Beberapa pekan belakangan, bubungan asap membuat hubungan Indonesia dengan Singapura menegang. Asap yang berasal dari kebakaran hutan di Sumatra itu membuat kadar Pollutant Standards Index (PSI) di Singapura mencapai lebih dari angka normal 100.
Presiden Susilo Bambang Yudhoyono sampai mengucapkan permintaan maafnya pada tetangga kita itu, Senin (24/6) malam, di Jakarta. Seperti layaknya tetangga, Indonesia-Singapura sedang mengalami pasang surut hubungan.

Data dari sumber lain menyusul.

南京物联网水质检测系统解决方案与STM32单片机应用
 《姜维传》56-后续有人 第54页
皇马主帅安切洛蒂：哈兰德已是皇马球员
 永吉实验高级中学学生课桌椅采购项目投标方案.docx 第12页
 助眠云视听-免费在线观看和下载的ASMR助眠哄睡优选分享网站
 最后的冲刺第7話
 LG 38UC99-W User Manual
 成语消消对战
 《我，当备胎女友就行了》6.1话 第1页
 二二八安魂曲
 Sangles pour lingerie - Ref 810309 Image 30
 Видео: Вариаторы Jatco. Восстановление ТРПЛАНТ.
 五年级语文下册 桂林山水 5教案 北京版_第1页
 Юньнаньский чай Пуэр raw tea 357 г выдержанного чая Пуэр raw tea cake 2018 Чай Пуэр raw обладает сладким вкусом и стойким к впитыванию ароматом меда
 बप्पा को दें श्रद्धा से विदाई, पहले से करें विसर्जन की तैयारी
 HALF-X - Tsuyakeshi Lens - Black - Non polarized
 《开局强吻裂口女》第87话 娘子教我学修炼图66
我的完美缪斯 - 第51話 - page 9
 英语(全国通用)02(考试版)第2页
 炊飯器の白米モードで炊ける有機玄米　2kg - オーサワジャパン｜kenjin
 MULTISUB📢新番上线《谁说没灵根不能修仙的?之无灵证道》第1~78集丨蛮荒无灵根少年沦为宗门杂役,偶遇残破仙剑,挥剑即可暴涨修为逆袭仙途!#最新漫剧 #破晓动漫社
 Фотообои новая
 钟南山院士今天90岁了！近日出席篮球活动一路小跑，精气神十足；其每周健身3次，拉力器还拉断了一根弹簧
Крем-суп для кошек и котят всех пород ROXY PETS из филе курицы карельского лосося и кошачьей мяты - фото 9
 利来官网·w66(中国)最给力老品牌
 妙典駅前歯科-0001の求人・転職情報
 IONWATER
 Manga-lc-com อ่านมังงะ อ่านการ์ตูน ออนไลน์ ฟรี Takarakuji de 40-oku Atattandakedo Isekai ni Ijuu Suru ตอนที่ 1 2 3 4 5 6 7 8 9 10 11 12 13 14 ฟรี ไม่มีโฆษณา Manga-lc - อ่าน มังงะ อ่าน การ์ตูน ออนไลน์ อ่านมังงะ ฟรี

Jika Juni 2013 hubungan ini memburuk, delapan tahun lalu relasi ini malah sedang kuat-kuatnya. Indonesia digandeng Singapura untuk menghelat perayaan 600 tahun pelayaran Laksamana Cheng Ho, Juni 2005 silam.
Aneka kembang api memijarkan cahaya benderang di angkasa. Warna-warninya berpendar seolah memancarkan gempita dan semangat kesiapan Singapura menyambut para tamu dalam perayaan itu. Pesta kembang api digelar seusai Menteri Luar Negeri Singapura saat itu, George Yeo, menyalakan obor – tanda pembukaan acara – bersama koleganya dari enam negara: Cina, Indonesia, India, Iran, Kenya, dan Malaysia.
Yang menarik, pesta ini digelar di negeri yang sebetulnya tak tertera dalam daftar persinggahan armada Cheng Ho.
Singapura memang jeli. Momentum kebangkitan Cina sebagai kekuatan dunia tentu memiliki makna tersendiri. Geliat Sang Naga dicermati seksama oleh dunia. Sudah pasti, perayaan kilas balik misi besar itu merupakan salah satu usaha menangkap peluang devisa dari dunia pariwisata. Terlebih pemaparan sejarah besar tersebut dikelola serius dan rapi.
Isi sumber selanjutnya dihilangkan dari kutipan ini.